Schematics of the different thermalization stages. In each panel, the surface density of states is shown on the right, while the surface-projected bulk density of states is shown on the left. The typical timescales of the studied processes as observed experimentally are given on the top. The surface states are plotted as semitransparent lines on the bulk density of states as a guide to the eye, and are not to be intended as real states in the bulk. The chemical potentials and effective chemical potentials are pictured as broken red lines. The dashed gray lines depict the chemical potential at previous delay times and used as a guide to the eye. The top row illustrates the thermalization stages in ${\mathrm{Bi}}_2{\mathrm{Te}}_3$. (a) The laser excites electrons from below the Fermi energy to empty states above (for simplicity, all transitions are shown as originating from the top of the valence band; however, it is understood that the original state of the excited electrons has to be the appropriate one below the Fermi energy). (b) Two thermalization channels are active: Scattering (orange arrows) and transport (black arrows). (c) The recombination of electrons and holes is the last stage of thermalization.
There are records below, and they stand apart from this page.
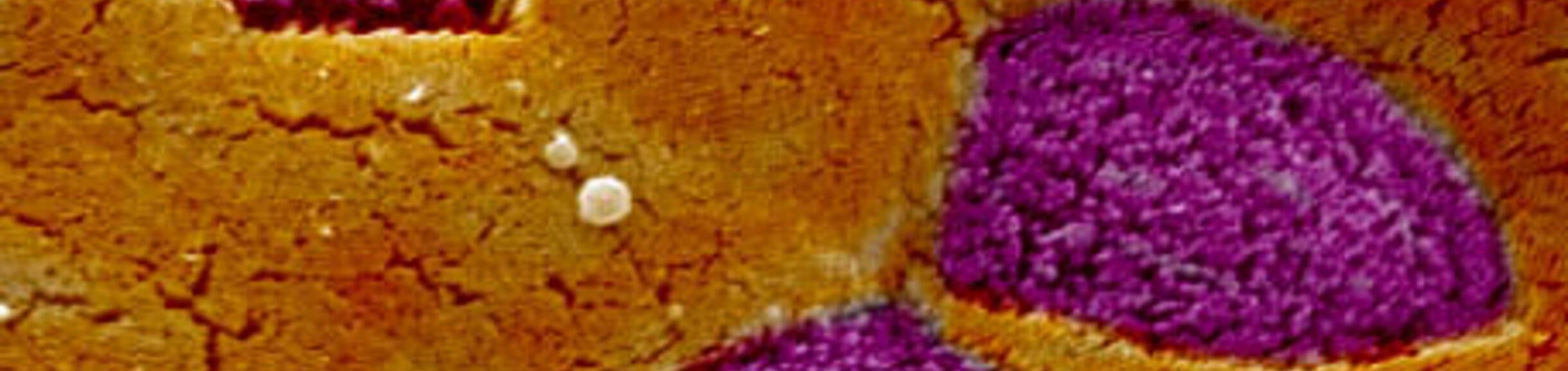 M cells and Mucosal Immune Surveillance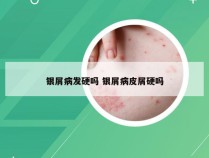 银屑病发硬吗 银屑病皮屑硬吗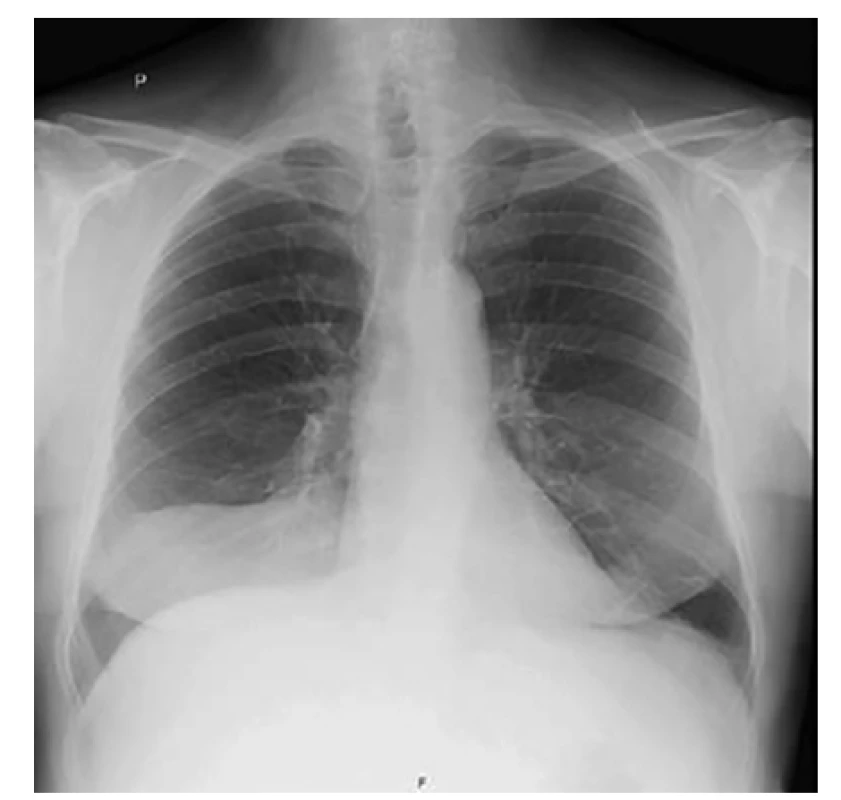 Vstupní skiagram hrudníku s patrným zastření
vpravo<br>
Fig. 1. Chest radiograph on admission with opacification
on the right side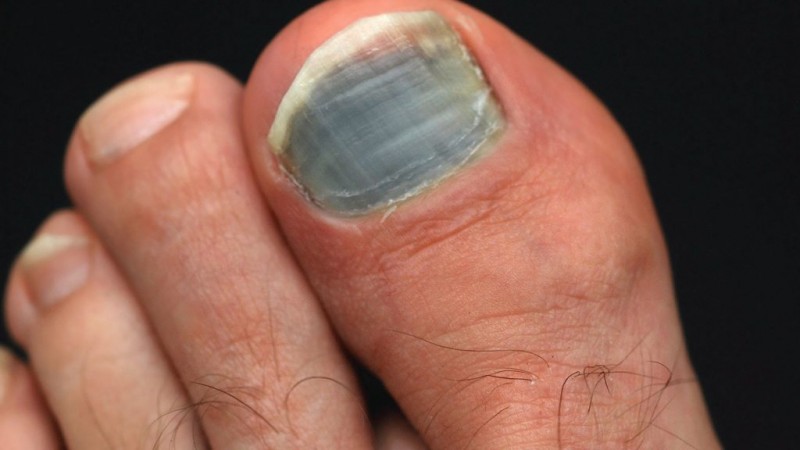 Причины, почему чернеют ногти на ногах у женщин. Как лечить ногти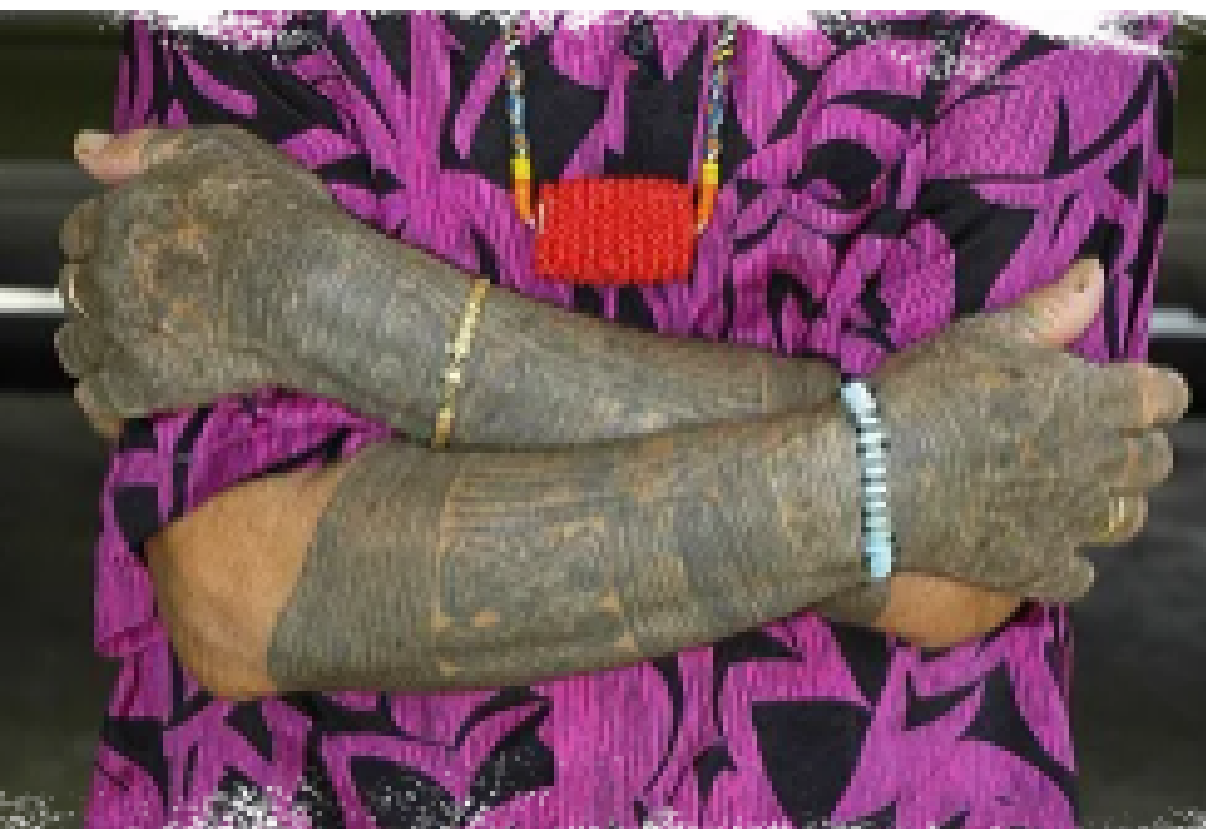 Kayan tribe arm tattoos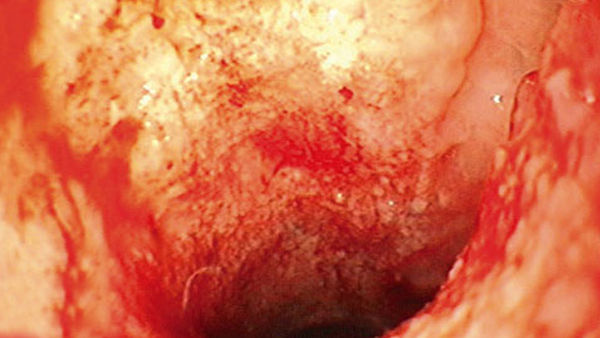 12 days after the start of treatment the cavity is completely cleaned of dirty fibrin coatings and covered in clean granulation tissue.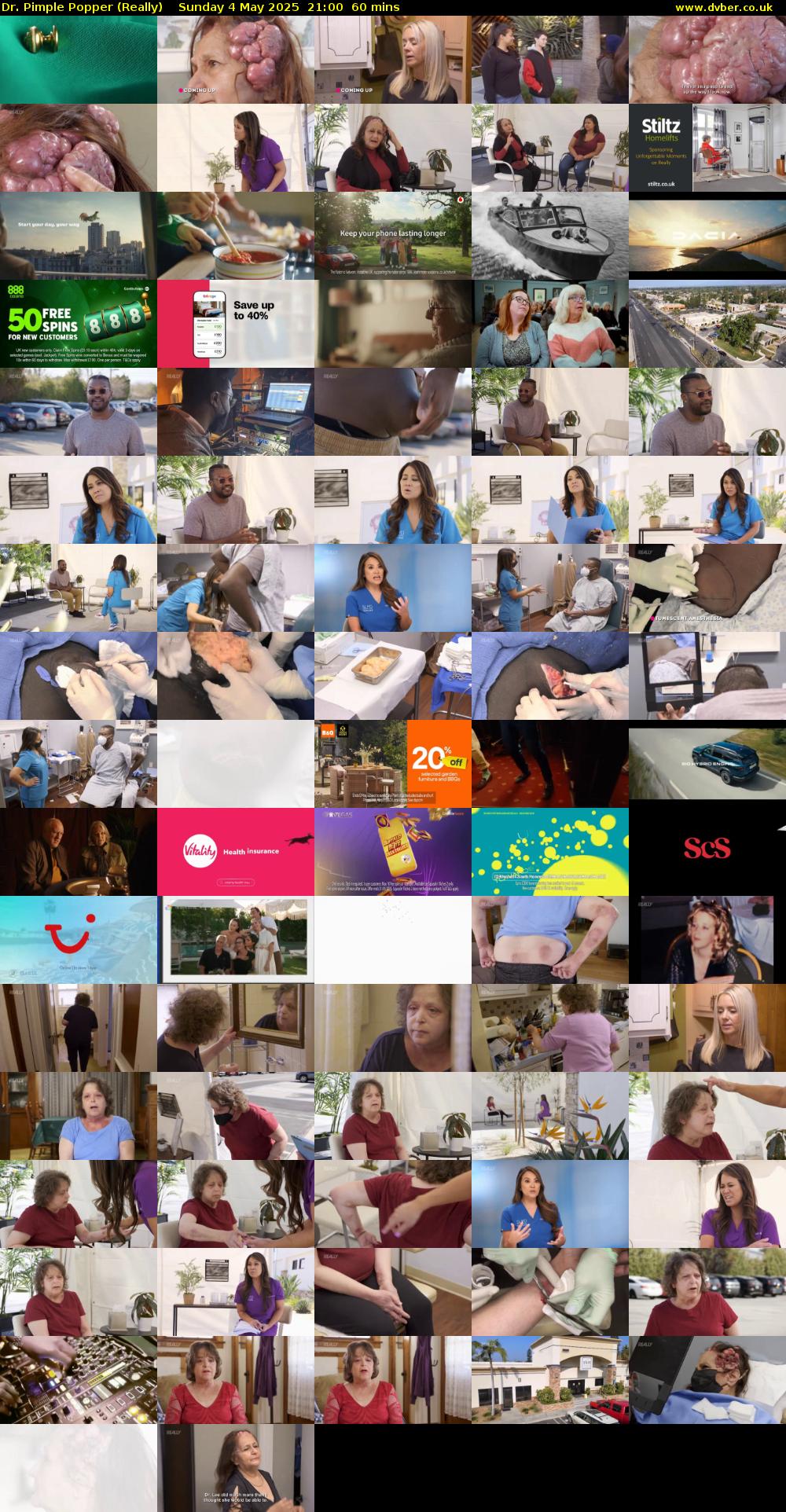 Dr. Pimple Popper (Really) Sunday 4 May 2025 21:00 - 22:00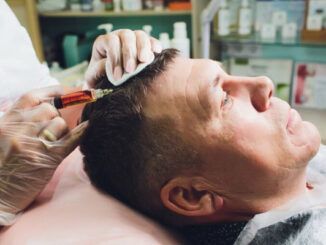 trapianto capelli 50 60 anni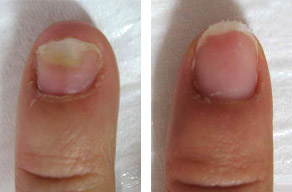 hand before and after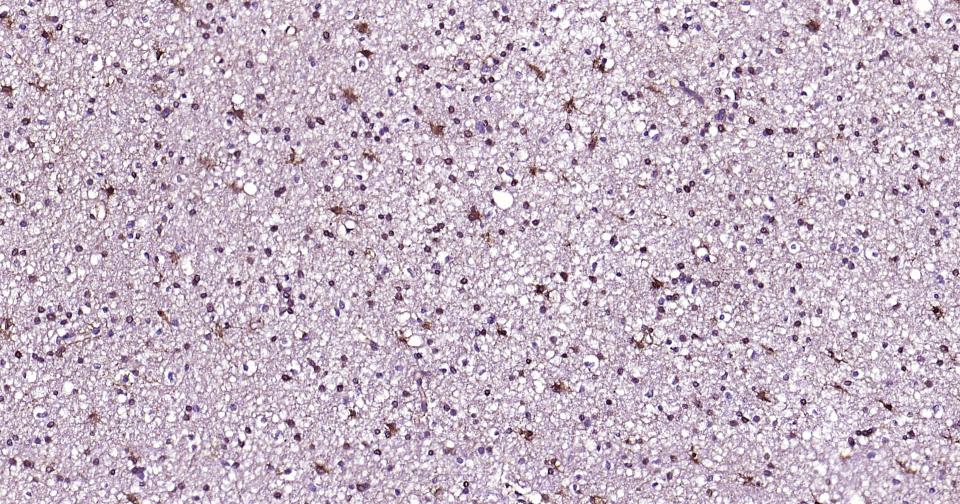 谷氨酰胺合成酶/谷氨酸氨连接酶重组兔单抗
The bottom row depicts the thermalization stages in ${\mathrm{Bi}}_{0.9}{\mathrm{Sb}}_{1.1}{\mathrm{Te}}_3$. (d) Laser excitation. (e) Electron-electron and electron-phonon scatterings contribute to the thermalization, but the transport is quickly suppressed by the formation of charged regions. (f) The first stage of electron-hole recombination is facilitated by the fact that the scattered electron can still be within the bottom of the conduction band having high density of states. (g) The second stage is slowed down by the fact that the second electron involved in the scattering has to come from the Dirac cone, which has a low density of states.